If large numbers of rows are deleted from a table, or a table containing variable-length attributes is frequently modified, disk space may be wasted. MySQL doesn't usually remove deleted or modified data; it only marks the location as being no longer in use. Wasted space can affect access speed.
To reorganize a table-by copying data to a temporary location and back again-MySQL provides the
TABLEcommand, which should be used periodically. For example:
OPTIMIZE TABLE customer;
OPTIMIZEcommand should be run when the DBMS is offline for scheduled maintenance. The command is nonstandard SQL.
It is possible to create different table types for specific tasks. The default in MySQL is the
MyISAMtype, and all the tables described so far are this table type. For small, temporary, frequently used lookup tables, a different type, the
heaptable type, can be used. There are other types, and we briefly discuss alternatives in Chapter 6. More details are provided in Section 9.4 of the MySQL user manual.
Section 10.7 of the MySQL manual includes other excellent ideas for simple performance improvement.
Another aspect of database tuning is optimizing the performance of the DBMS itself.

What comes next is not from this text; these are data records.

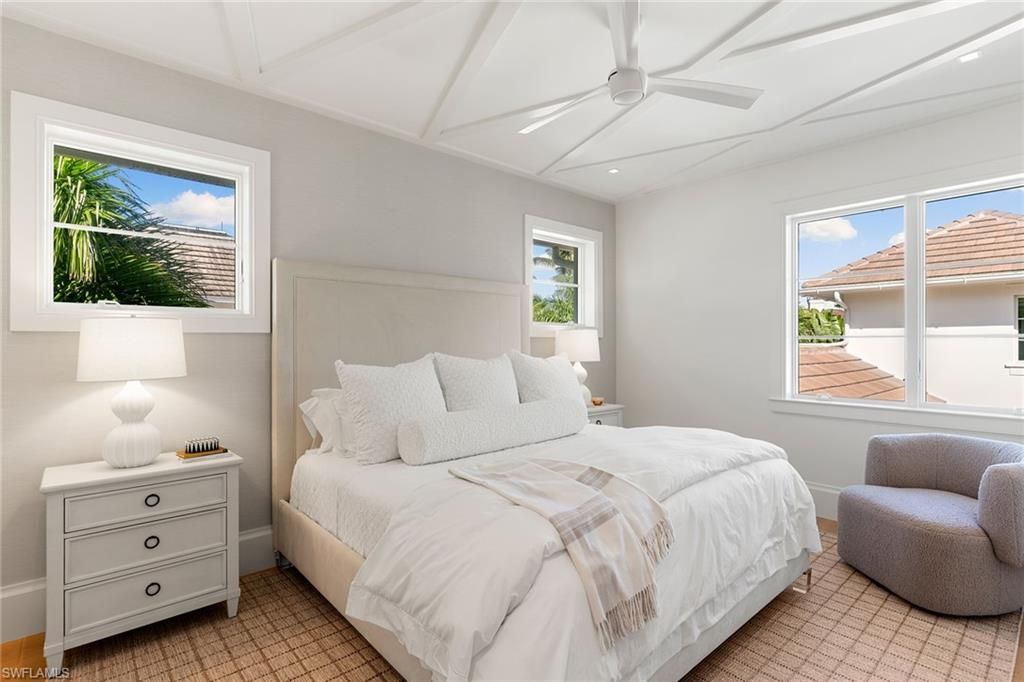 3277 Gordon Dr, Naples, FL 34102 Photo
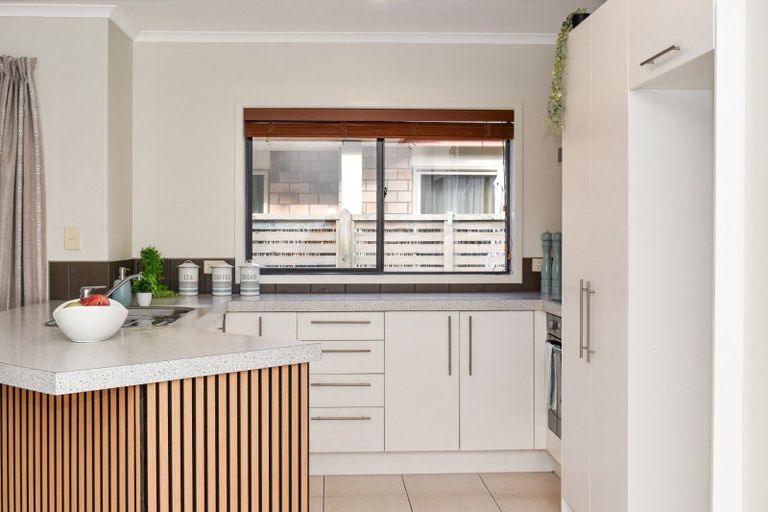 Photo of property in 16/100 Millers Road, Brookfield, Tauranga, 3110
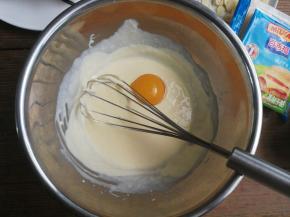 加入蛋黄，搅拌均匀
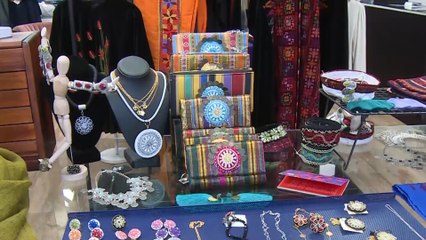 حفاظا على الهوية الفلسطينية.. 970 موقع تسويق إلكتروني للملابس
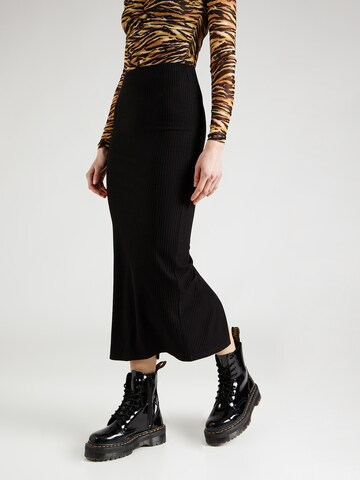 Gina Tricot Skirt in Black: front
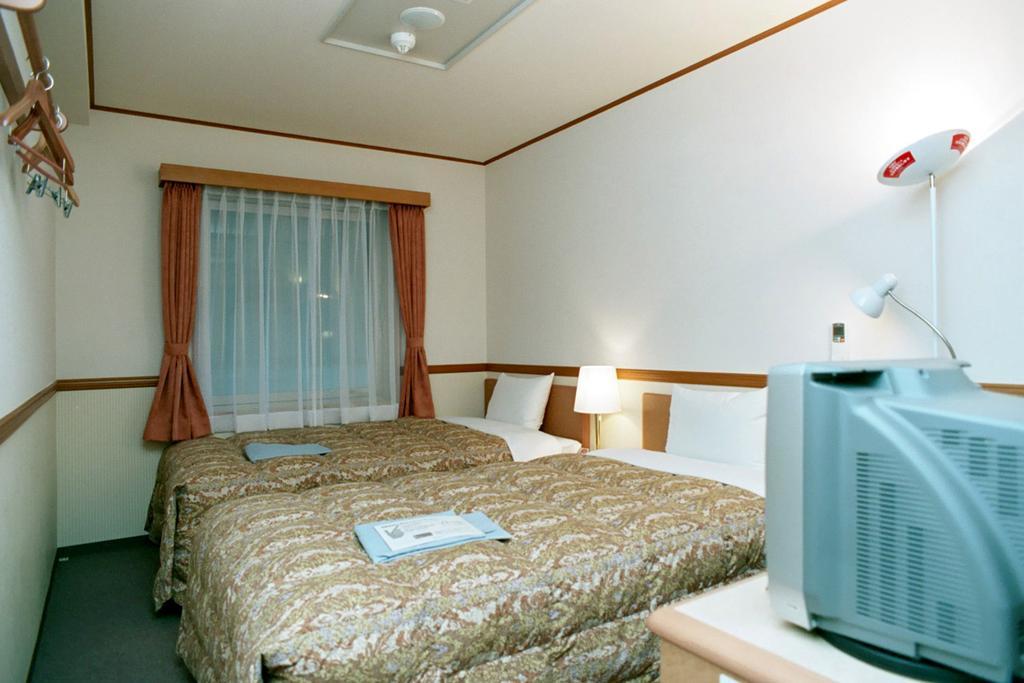 Toyoko Inn Yokohama Minatomirai-Sen Nihon-Odori Ekimae Pokoj fotografie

Included with the MySQL installation is the mysqladmin tool for database administration. Details of the system setup can be found by running the following command from a Linux shell:
% mysqladmin -p
This shows, in part, the following selected system parameters:
join_buffer current value: 131072 key_buffer current value: 8388600 net_buffer_length current value: 16384 record_buffer current value: 131072 sort_buffer current value: 2097144 table_cache current value: 64
The important parameters are those that impact disk use. MySQL has several main-memory buffer parameters that control how much data is kept in memory for processing. These include:
record_bufferfor scanning all rows in a table
key_bufferfor storing indexes in main memory
join_bufferfor joins that don't use indexes
In general, the larger these buffers, the more data from disk is cached or stored in memory and the fewer disk accesses are required. However, if the sum of these parameters is near to exceeding the size of the memory installed in the server, the underlying operating system will start to swap data between disk and memory, and the DBMS will be slow. In any case, careful experimentation based on the application is likely to improve DBMS performance.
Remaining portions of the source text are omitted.